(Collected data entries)
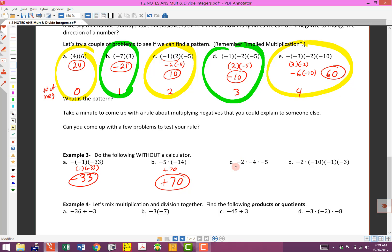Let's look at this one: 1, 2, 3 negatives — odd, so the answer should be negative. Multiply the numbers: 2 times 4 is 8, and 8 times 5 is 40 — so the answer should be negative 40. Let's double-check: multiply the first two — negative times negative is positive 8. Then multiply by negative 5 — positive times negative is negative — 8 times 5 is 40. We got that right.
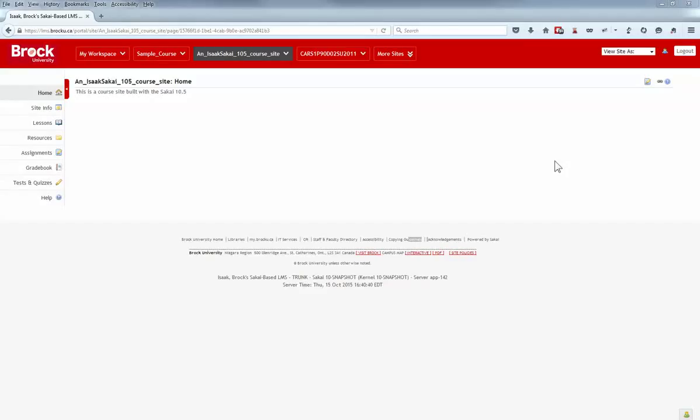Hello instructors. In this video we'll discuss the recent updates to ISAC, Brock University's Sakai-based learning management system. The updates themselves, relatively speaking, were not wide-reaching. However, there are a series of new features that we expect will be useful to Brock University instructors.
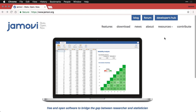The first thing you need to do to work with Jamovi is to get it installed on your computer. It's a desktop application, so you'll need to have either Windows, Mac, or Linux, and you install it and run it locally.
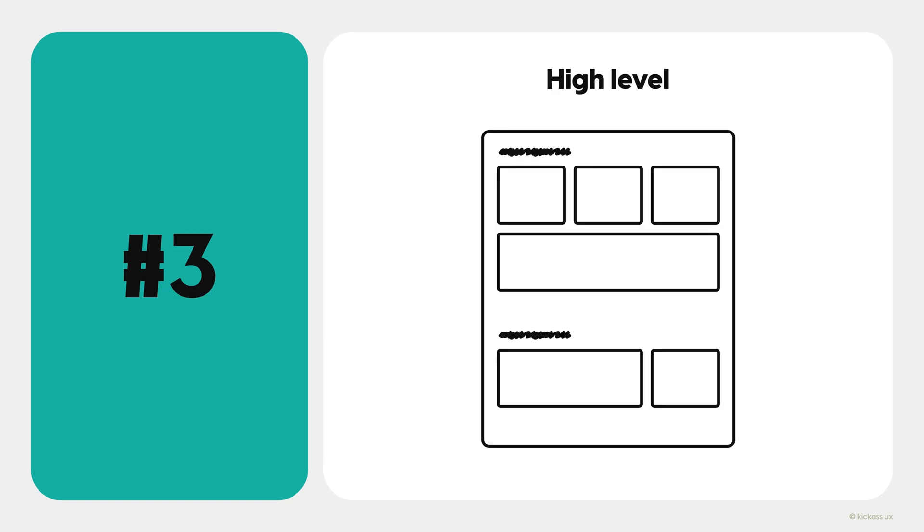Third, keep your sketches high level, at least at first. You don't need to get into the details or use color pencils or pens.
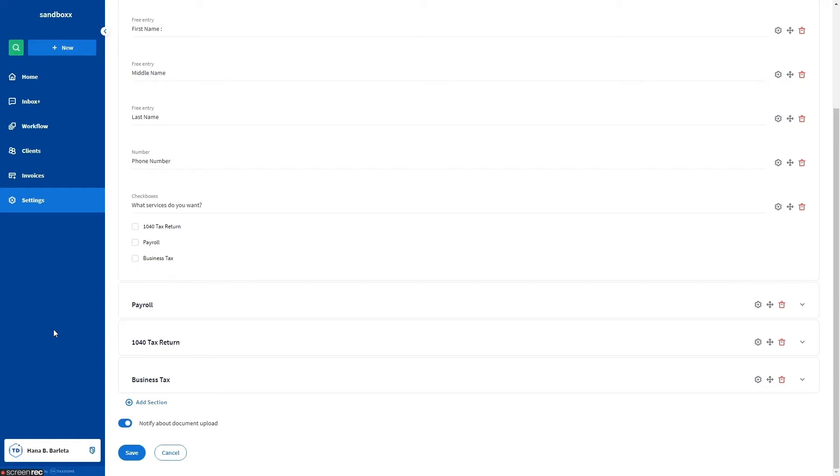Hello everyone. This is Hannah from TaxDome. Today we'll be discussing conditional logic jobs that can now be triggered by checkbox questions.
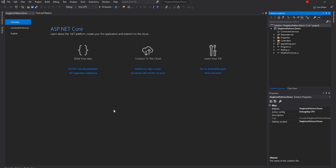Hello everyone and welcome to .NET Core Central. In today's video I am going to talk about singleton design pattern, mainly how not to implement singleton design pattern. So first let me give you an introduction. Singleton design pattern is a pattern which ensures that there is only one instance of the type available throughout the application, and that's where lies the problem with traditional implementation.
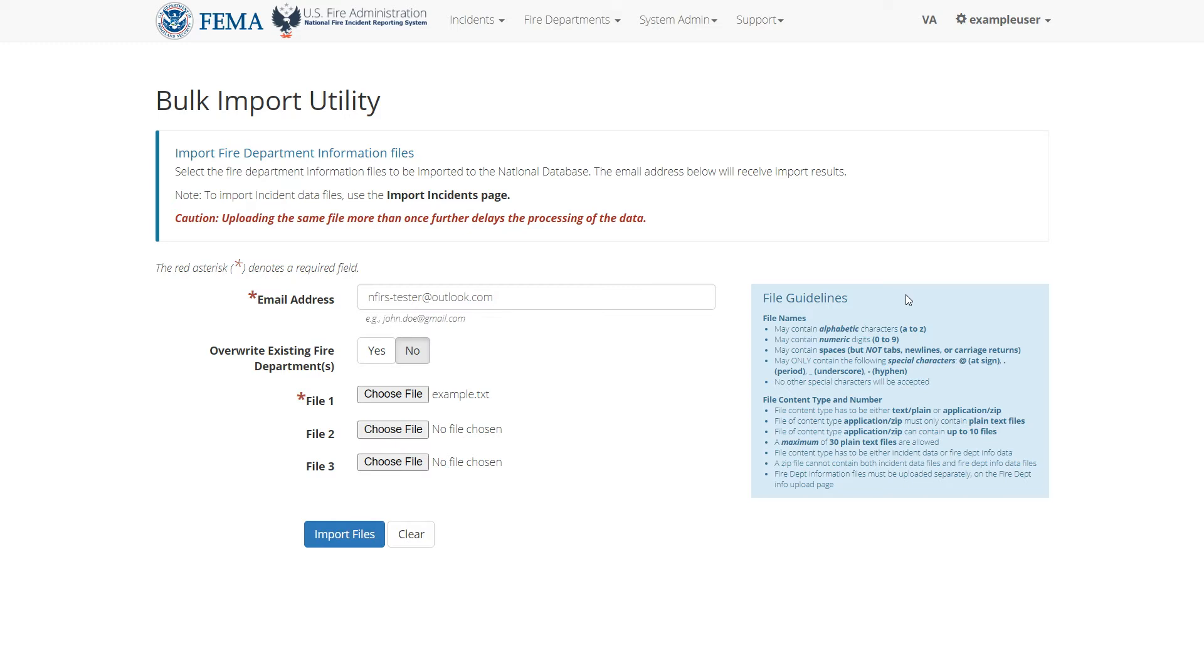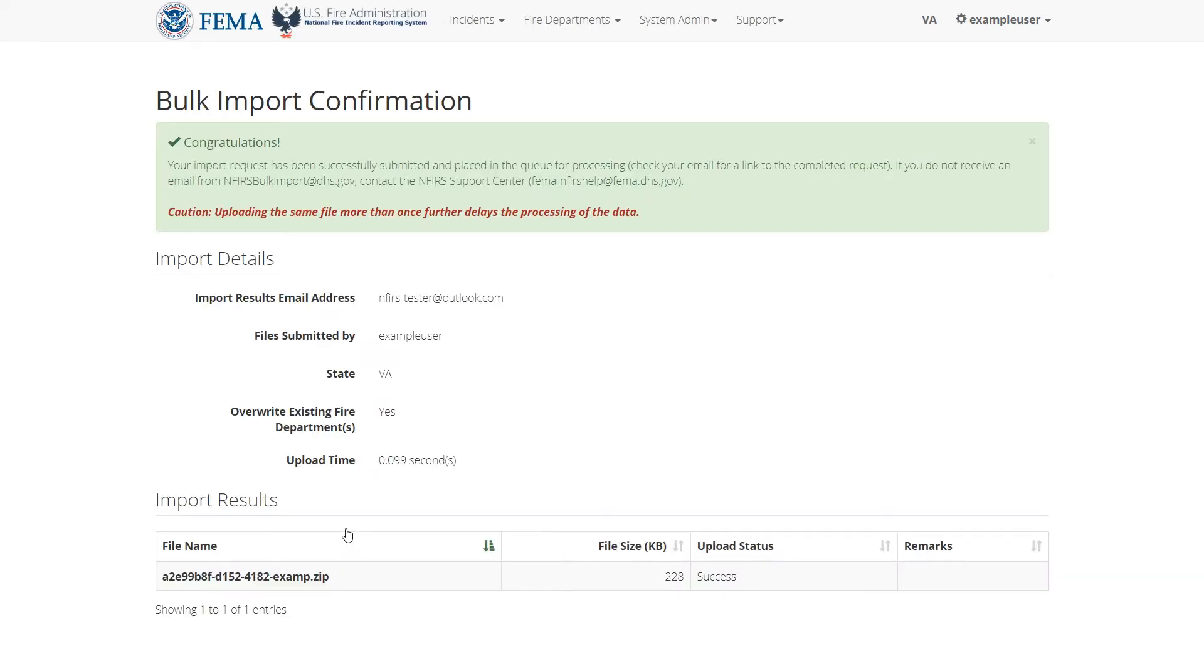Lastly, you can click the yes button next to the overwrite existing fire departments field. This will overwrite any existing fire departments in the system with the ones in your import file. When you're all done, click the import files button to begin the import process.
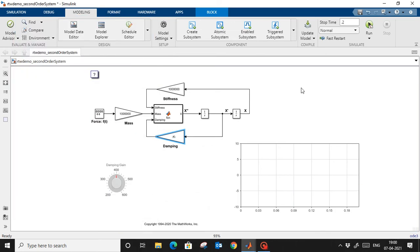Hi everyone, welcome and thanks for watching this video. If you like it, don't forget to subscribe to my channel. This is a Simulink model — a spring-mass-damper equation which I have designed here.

# To do
Each line of the data above needs to be retyped as it is, without any picture.

# Task output
Let's look at this one: 1, 2, 3 negatives — odd, so the answer should be negative. Multiply the numbers: 2 times 4 is 8, and 8 times 5 is 40 — so the answer should be negative 40. Let's double-check: multiply the first two — negative times negative is positive 8. Then multiply by negative 5 — positive times negative is negative — 8 times 5 is 40. We got that right.
Hello instructors. In this video we'll discuss the recent updates to ISAC, Brock University's Sakai-based learning management system. The updates themselves, relatively speaking, were not wide-reaching. However, there are a series of new features that we expect will be useful to Brock University instructors.
The first thing you need to do to work with Jamovi is to get it installed on your computer. It's a desktop application, so you'll need to have either Windows, Mac, or Linux, and you install it and run it locally.
Third, keep your sketches high level, at least at first. You don't need to get into the details or use color pencils or pens.
Hello everyone. This is Hannah from TaxDome. Today we'll be discussing conditional logic jobs that can now be triggered by checkbox questions.
Hello everyone and welcome to .NET Core Central. In today's video I am going to talk about singleton design pattern, mainly how not to implement singleton design pattern. So first let me give you an introduction. Singleton design pattern is a pattern which ensures that there is only one instance of the type available throughout the application, and that's where lies the problem with traditional implementation.
Lastly, you can click the yes button next to the overwrite existing fire departments field. This will overwrite any existing fire departments in the system with the ones in your import file. When you're all done, click the import files button to begin the import process.
Hi everyone, welcome and thanks for watching this video. If you like it, don't forget to subscribe to my channel. This is a Simulink model — a spring-mass-damper equation which I have designed here.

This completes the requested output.